Konrad Hinsen's Blog

Literate computational science

Since the dawn of computer programming, software developers have been aware of the rapidly growing complexity of code as its size increases. Keeping in mind all the details in a few hundred lines of code is not trivial, and understanding someone else’s code is even more difficult because many higher-level decisions about algorithms and data structures are not visible unless the authors have carefully documented them and keep those comments up to date.

The main angle of attack to keep software source code manageable has been the development of ever more sophisticated programming languages and development paradigms, but it is not the only one. Another approach was initiated by Donald Knuth’s invention of literate programming. Its basic idea is to invert the roles of code and documentation. Rather than adding doxumentation as annotations to the code, literate programming puts an explanatory narrative about the software at the center of the software author’s attention. Code snippets are embedded into this narrative, much like mathematical formulas are embedded into scientific articles and textbooks.

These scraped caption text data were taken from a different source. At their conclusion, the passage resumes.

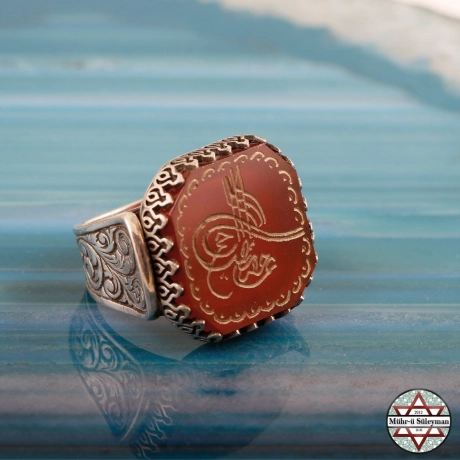 Doğal Akik Taşlı Tuğra İşlemeli 925 Ayar Gümüş Yüzük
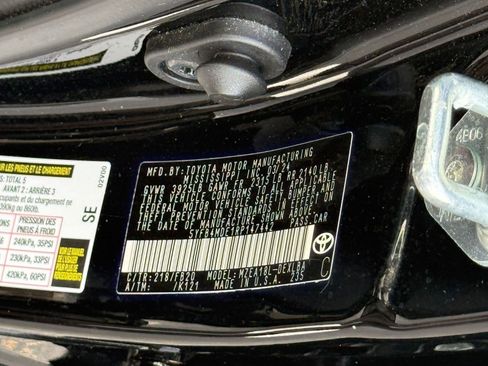 Certified 2024 Toyota Corolla LE image 21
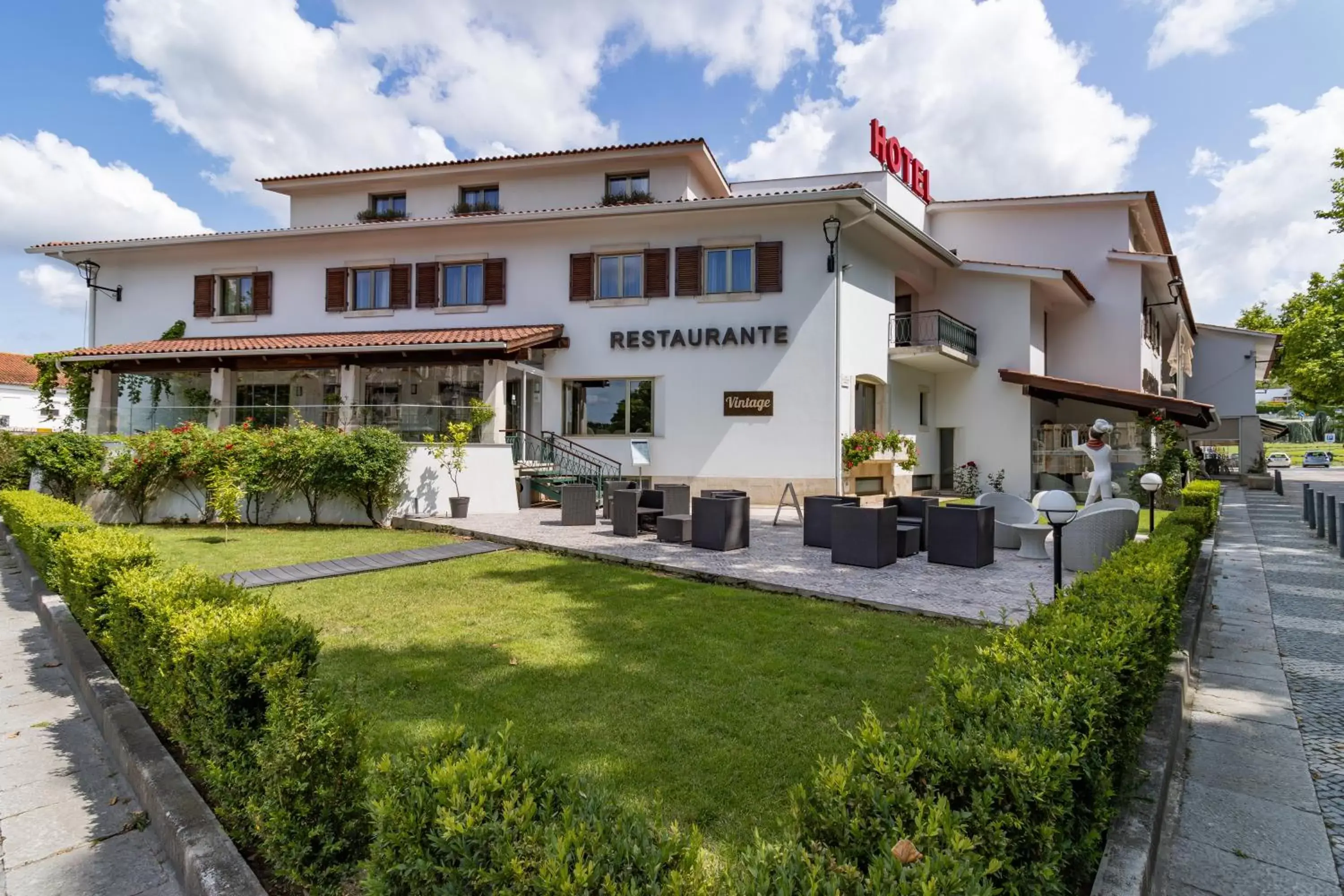 Property building in Hotel Lis Batalha Property building in Hotel Lis Batalha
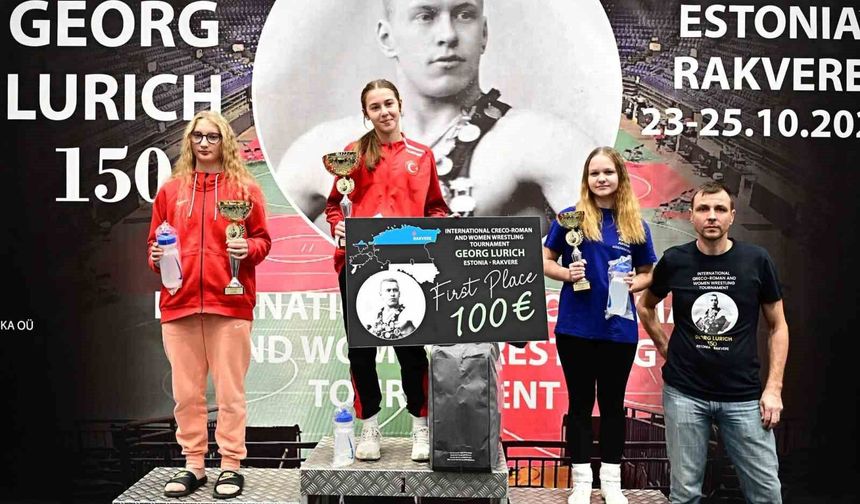 Atakumlu sporcu güreşte dünya şampiyonu oldu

Literate programming never gained much popularity, for reasons that, to the best of my knowledge, have never been explored systematically. Insufficient tool support is often cited as an obstacle, but I suspect that the mismatch between the structure of the narrative and the language-imposed structure of the code is equally problematic. Programmers need to name code blocks and then assemble them into valid source code by hand. My own experience is that it’s usually easier to write and test the code first and then re-create it as a literate program, but this doesn’t lead to code that naturally fits the narrative.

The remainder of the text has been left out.